I spent a little time last nite working up some t-shirt designs that riff off those comments. If folks like them, I think I’ll open a CafePress shop.
and now in color –
Yes, that is an Irwin Allen font. The Sci Fi Channel’s content reminds me of a compilation of Mr. Allen’s SF offerings: “The suits from the corporate Land of the Giants got Lost in Space. They offer programming that requires a Voyage to the Bottom of the Sea to find its nearest equivalent. I wish I had a Time Tunnel so I could escape to another era.”
“Skiffy”. That is so right on these days. I don’t think the skiffy channel even makes skiffy original movies anymore. Aren’t they all some sort of disaster movie or a creature flick featuring a CGI creature that makes me wish they used a guy in a suit instead.

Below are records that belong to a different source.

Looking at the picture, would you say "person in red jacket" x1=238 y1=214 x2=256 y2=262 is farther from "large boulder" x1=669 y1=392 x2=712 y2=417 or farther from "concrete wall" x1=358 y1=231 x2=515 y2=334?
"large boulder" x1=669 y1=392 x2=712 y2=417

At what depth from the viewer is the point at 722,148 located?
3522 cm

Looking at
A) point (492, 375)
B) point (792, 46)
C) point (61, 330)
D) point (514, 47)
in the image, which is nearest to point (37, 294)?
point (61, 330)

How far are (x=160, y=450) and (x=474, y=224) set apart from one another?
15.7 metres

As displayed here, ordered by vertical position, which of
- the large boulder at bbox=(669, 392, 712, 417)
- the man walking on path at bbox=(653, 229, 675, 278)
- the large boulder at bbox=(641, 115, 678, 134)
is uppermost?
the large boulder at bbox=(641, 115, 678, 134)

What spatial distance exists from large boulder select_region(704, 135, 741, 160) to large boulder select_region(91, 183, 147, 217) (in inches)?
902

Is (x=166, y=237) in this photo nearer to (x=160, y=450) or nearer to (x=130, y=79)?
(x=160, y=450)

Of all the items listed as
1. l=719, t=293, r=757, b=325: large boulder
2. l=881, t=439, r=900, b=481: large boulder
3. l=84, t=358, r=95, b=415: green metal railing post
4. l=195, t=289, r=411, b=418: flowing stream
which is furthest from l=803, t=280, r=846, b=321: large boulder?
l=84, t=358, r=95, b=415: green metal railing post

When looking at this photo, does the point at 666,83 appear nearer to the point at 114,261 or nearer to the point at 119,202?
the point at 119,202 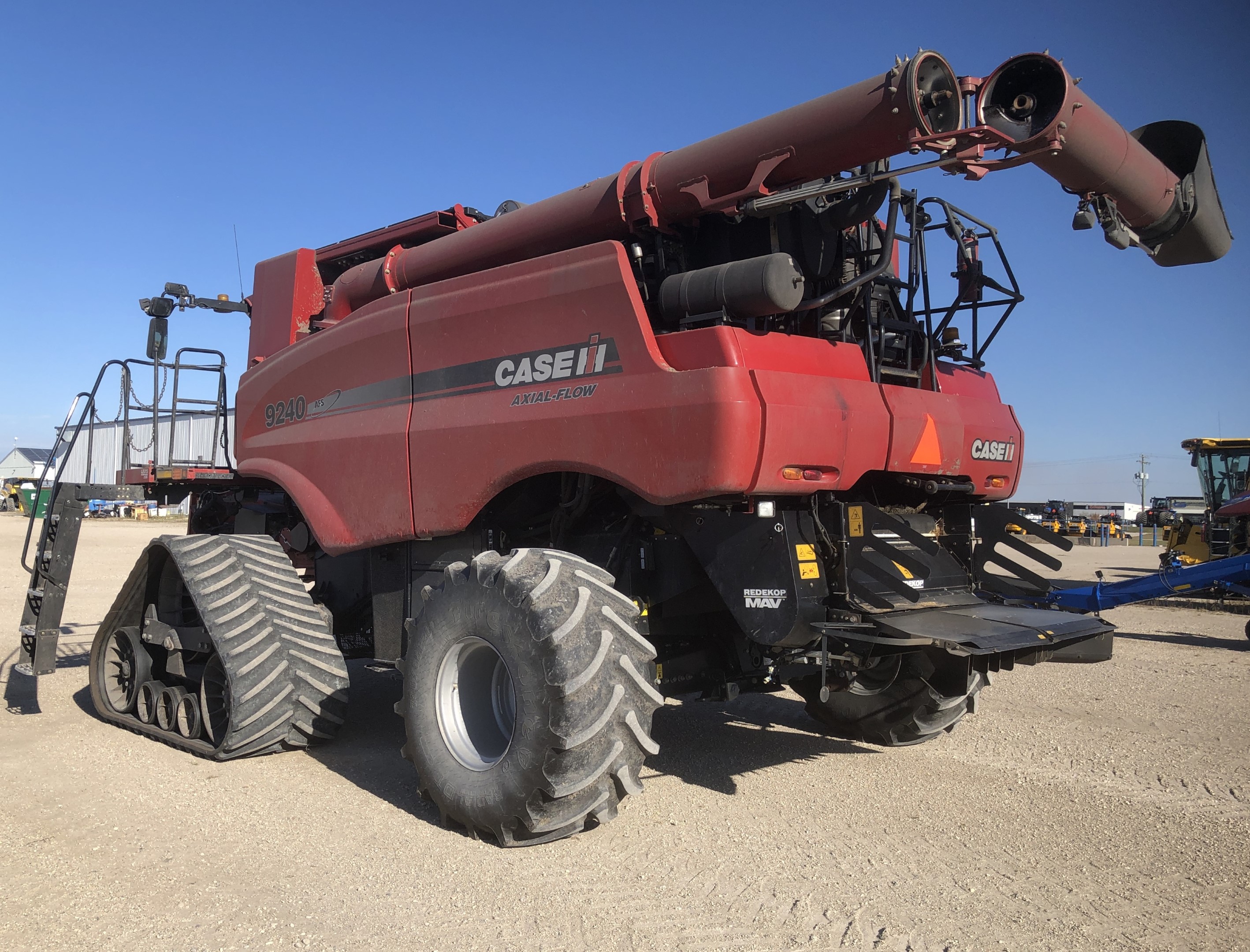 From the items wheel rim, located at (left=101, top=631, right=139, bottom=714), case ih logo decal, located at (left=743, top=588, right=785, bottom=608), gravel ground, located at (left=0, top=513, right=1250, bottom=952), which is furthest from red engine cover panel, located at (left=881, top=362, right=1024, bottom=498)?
wheel rim, located at (left=101, top=631, right=139, bottom=714)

They’ve been way off the mark for a longtime. The last good original series they made that I watched was Battlestar Galactica, and there seems to be some discussion as to whether or not that was even SF. I’ll say it was. Either way, I thought it was fantastic.
To me, its no wonder SF is perceived to be crapping out when the skiffy channel is what most people see. What could be a great outlet to bring the genre to the 21st century masses, is wasted on things like a tornado in NY or a moose that, after being affect by radiation, feels compelled to pursue teenagers to the edges of Yellow Stone National Park and beyond.
Ok, that last one never happened. But I bet it was on proposal at one point.
^JR^
thanks for coming by and adding to the meager comment pool.
The whole thing kills me. I fail to understand how they could not get the fact that – classic SF TV and movies are relatively cheap commodities to air, they have a built in audience and a pathway to more and better: imagine what they could have done if they were airing classics when the ramp up for I Am Legend was going on (watch Last Man on Earth and Omega Man before you see Will Smith tackle the role!) Spiderman? How bout those old 60s cartoons. What would that cost in licensing fees – 60 cents a day?
Demographics? Everyone agrees the SF community is graying. Hmm, let’s see – well established professionals with a nostalgia streak. Parents who want their children (!) to experience the same things they did. Hell, with the right business model, they could have become the number one outlet for TV ads for publishing companies. Imagine a convention tie-in to the channel.
Screw it.
If your comment pool is meager, mine is imaginary. Although I fixed a setting that will let more people comment on my blog. I also added you to my links for all to see.
^JR^
If they were making actual science fiction along with the monster and disaster films I’d probably be less firmly in the “Skiffytube sucks” camp (a couple of the monster films have been fun!).
But I really came here to go off on a tangent – having just seen half a dozen of the early Lost in Space episodes, we’ve already had one episode with a giant in and one where Dr Smith grows to four times his normal size. “He might as well call it Land of the Giants” I said, then we checked and Irwin Allen made Land of the Giants just after Lost in Space. I guess he’d discovered how easy and cheap it was to film a giants by placing some of the actors closer to the camera.
Lol on Irwin.
If Skiffytube’s self-described mandate was ‘monster movie of the week channel’, I’d have nothing to complain about.